> INPUT FOR THIS TASK:
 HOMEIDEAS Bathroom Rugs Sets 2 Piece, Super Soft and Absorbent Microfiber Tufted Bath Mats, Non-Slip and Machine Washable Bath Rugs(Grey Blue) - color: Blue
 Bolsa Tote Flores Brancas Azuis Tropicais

--

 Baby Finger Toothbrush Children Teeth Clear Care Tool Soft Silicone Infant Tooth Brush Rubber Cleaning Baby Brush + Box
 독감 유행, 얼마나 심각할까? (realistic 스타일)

> TASK ITEM: Look above for the line holding "HOMEIDEAS Bathroom Rugs" and the line holding "Bolsa Tote Flores Brancas Azuis Tropicais". Retype both, and every line between them, word for word and nothing else.

> FINAL ANSWER:
 HOMEIDEAS Bathroom Rugs Sets 2 Piece, Super Soft and Absorbent Microfiber Tufted Bath Mats, Non-Slip and Machine Washable Bath Rugs(Grey Blue) - color: Blue
 Bolsa Tote Flores Brancas Azuis Tropicais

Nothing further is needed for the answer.